A Morning With Jan Buday

I was delighted to take some time for good conversation with another Two Waters Arts Alliance artist, Jan Buday, on Thursday morning. Jan studied textiles and weaving at the University of Hawaii, but her
fascination with textiles and art began its spinning in her childhood. At age seven, she was with her parents in Japan and had two large emotional imprints. One was the ruins of Nagasaki, a mere decade after the blast (Jan's family, as Japanese-Americans, had endured the injustice of fear, living in America during WWII) and the other was a visit to Kurashiki Village; a village of Folk Arts.

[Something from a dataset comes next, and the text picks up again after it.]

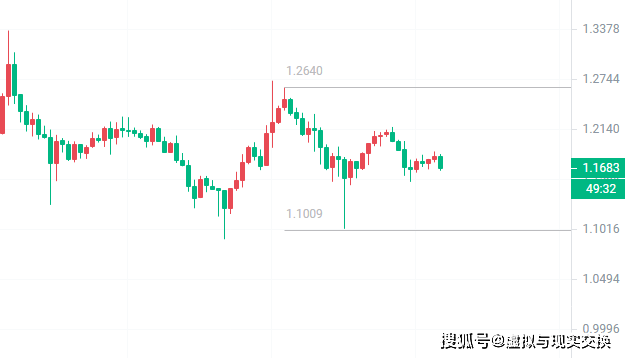 柚子币走势(狗狗币今日最新价格)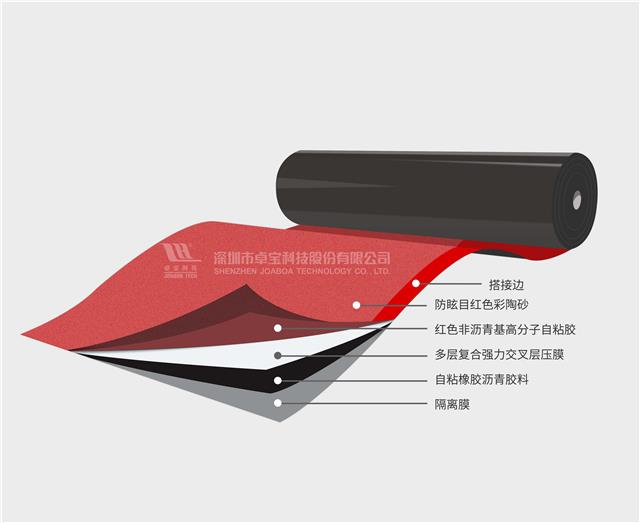 贴必定S-CLF Ⅱ代（中国红）交叉层压膜自粘防水卷材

It's here in the conversation that Jan begins to light up, her arms waving
as if one could paint the scene of colour, fabric, texture and weave she was immersed in that day. It was easy for me to feel it because we were sitting in Jan's studio, surrounded with colour, fabric, texture and weave! The
grey day lay outside, but inside I felt warmed and if I could
be seven, safely playing in her studio.

Seventeen years ago, Jan's father made and gave her a "Marudai" which is a wooden stand used for an ancient Japanese art of braiding, called Kumihimo. Threads, silk, ribbons, etc., are weighted by tying wooden
spools to the ends, and then braided into different designs for cords and belts. Let me tell you, the first time I saw Jan working with a large Marudai...I was mezmerised! Her hands danced up and down, side to side, across the top with her threads. The wooden bobbins clacked in rhythm against the stands wooden sides. Hawaiian slack-key guitar playing softly in
the background and my eyes brimming with colours, I was transported within Jan's gentle dance and the hope I know she has for the world, as an artist grateful for the chance to affect a corner of it.

Jan combines this beautiful braiding with exquisite glass beads she makes herself, and the combination looks like jewelry for the soul. You cannot look or touch any of the pieces without feeling Jan's smile and the gift that comes within it. She also teaches Kumihimo, with a Level I class coming, Nov. 21st and a Level II class, Nov. 22nd. at Gig Harbor Beads. Their phone number for more information is (253) 858-6750. You can see the little foam form that replaces the traditional Marudai for holding in the hands and working. I'm really looking forward to my lesson this winter!

I asked Jan how her process and art have changed with age and experience. It's a question I ask of my community as I ponder it for myself. With life's serendipity, her answer, our conversation, and a poetry prompt I had received in the morning, all began to weave. So I shall leave you with a recommendation to visit so that you can see more from one of the amazing artists we have here, living between the Two Waters of Carr and Case Inlets. I leave you with a poem from the prompt, "growth," and the magic of a morning spent with neighbour, colleague, and friend...thanks Jan!

Growing Passion

She had a passion to begin,
details sometimes lost in the rush
to start again another flame.
So it is, when fire is young,
sparks fly and burn, too quickly done.

Now she knows her passion runs,
years grow into life poured
through emotion, her art
into details and justice,
nailing intricate finishing touches.


Stephanie Frieze said...

Thank you so much for taking me on a visit to Jan's studio and teaching me about arts I knew nothing of. This post is perfect for the "Neighborhood" and a real work of art itself. Thank you, Lorraine!

Lorraine Hart said...

Thank you Stephanie. I hope to introduce you to many of the talented artists in this community between the two waters.

Kim Thompson said...

Her work is INCREDIBLE! I'd love to buy one!

Gigi said...

Need to add this to my 'have to learn to do' list.
Thanks for a great introduction to Jan Buday's talent!

Lorraine Hart said...

Hey Gigi...maybe we can take a class together sometime this winter?!